## Task instructions
Reproduce only the lines below from the line containing "2011 Audi A4" to the line containing "セリーヌ ハンドバッグ ラゲージ", exactly as written, with both end lines kept. Omit the pictures.

── Entries shown

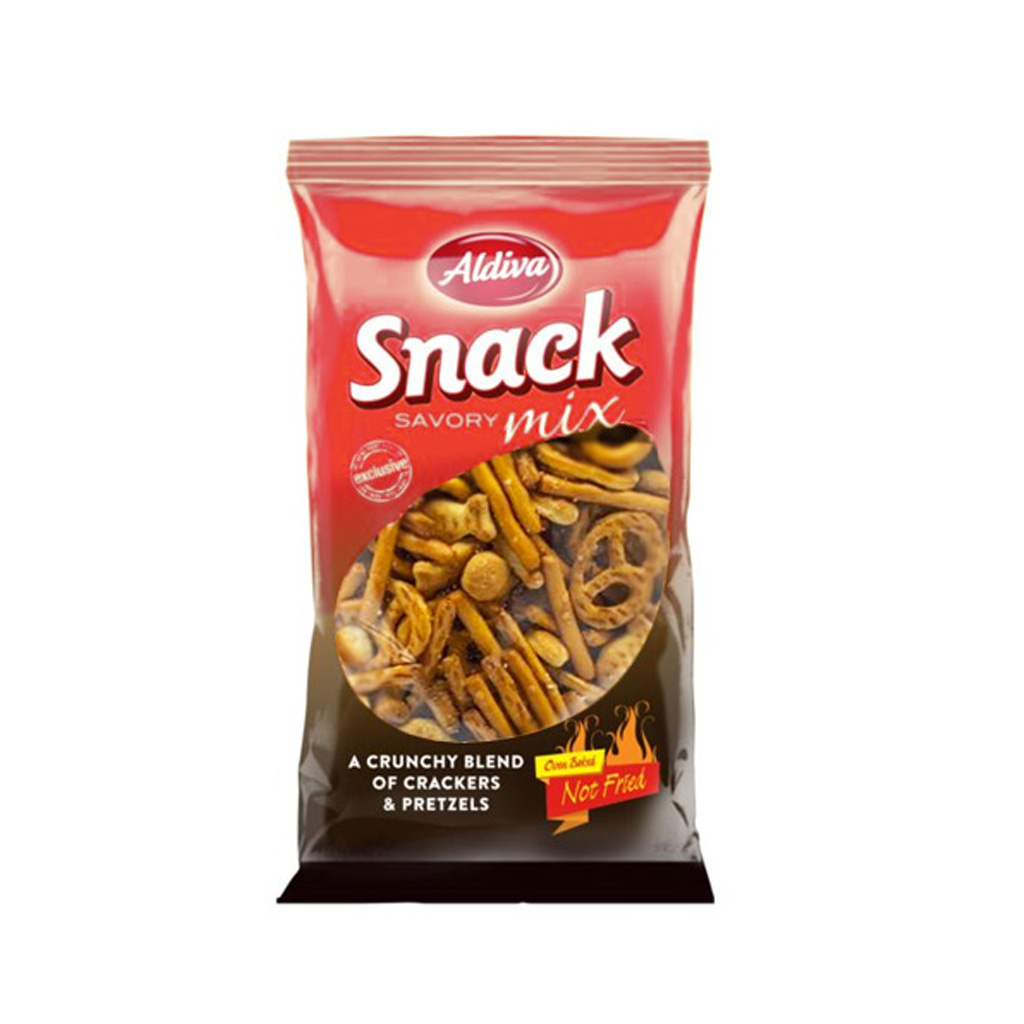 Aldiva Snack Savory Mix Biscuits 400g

────
── Entries shown

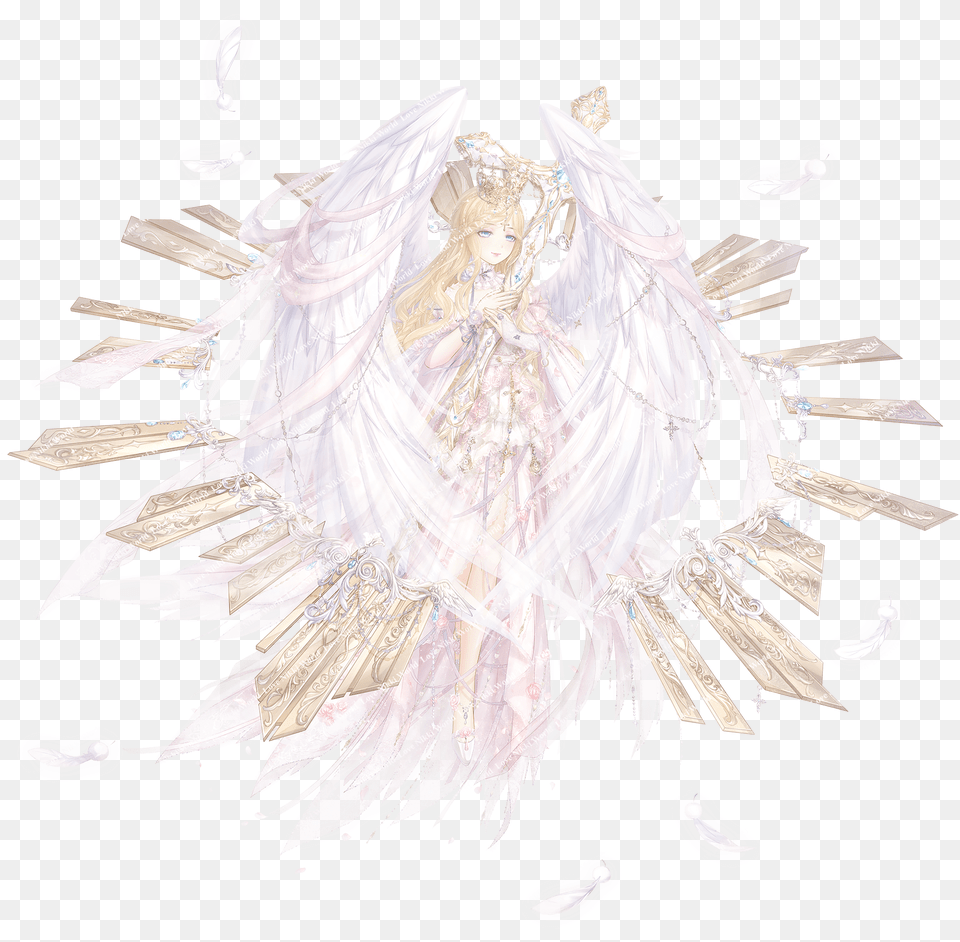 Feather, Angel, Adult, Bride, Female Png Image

────
── Entries shown

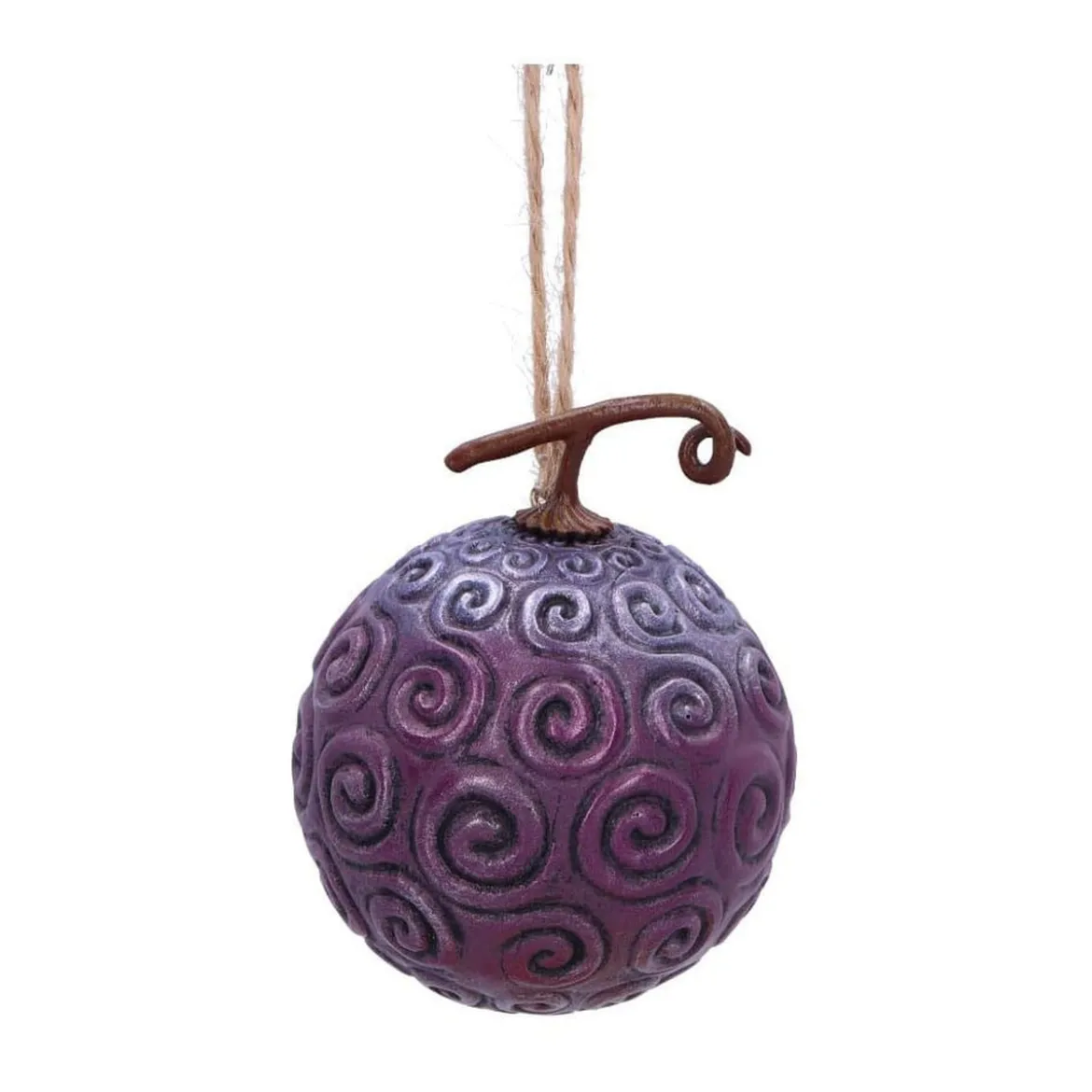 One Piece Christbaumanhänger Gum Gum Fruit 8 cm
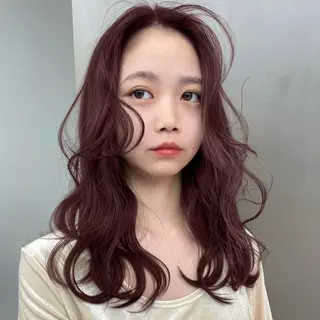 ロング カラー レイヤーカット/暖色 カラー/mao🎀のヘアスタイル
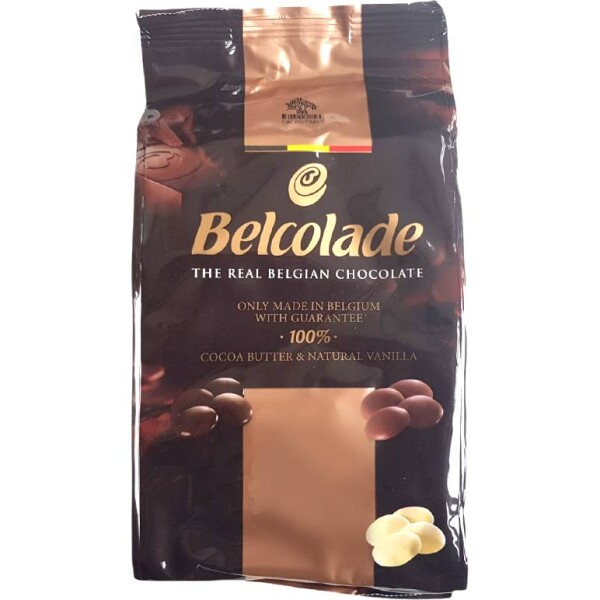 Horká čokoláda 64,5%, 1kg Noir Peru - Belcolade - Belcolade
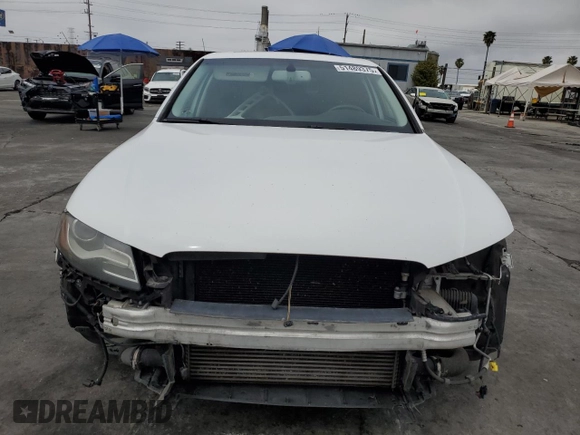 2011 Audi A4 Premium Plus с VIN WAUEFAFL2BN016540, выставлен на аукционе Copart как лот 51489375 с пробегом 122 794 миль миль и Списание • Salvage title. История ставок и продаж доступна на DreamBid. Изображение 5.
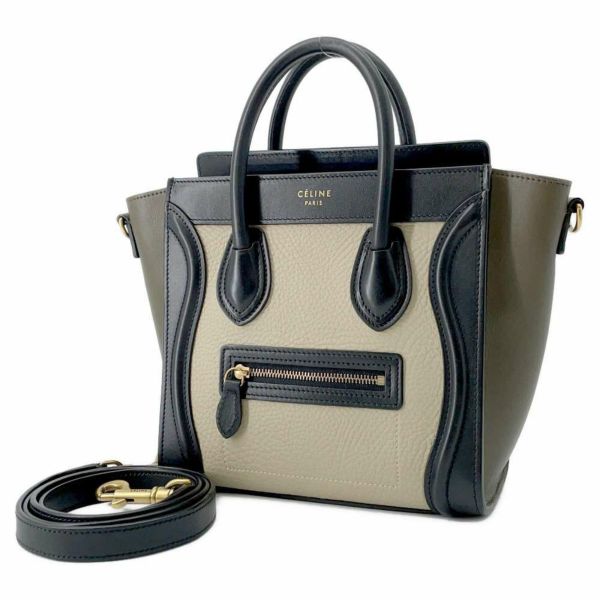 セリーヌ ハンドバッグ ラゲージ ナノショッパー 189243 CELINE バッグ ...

────

## Exercise output
 2011 Audi A4 Premium Plus с VIN WAUEFAFL2BN016540, выставлен на аукционе Copart как лот 51489375 с пробегом 122 794 миль миль и Списание • Salvage title. История ставок и продаж доступна на DreamBid. Изображение 5.
 セリーヌ ハンドバッグ ラゲージ ナノショッパー 189243 CELINE バッグ ...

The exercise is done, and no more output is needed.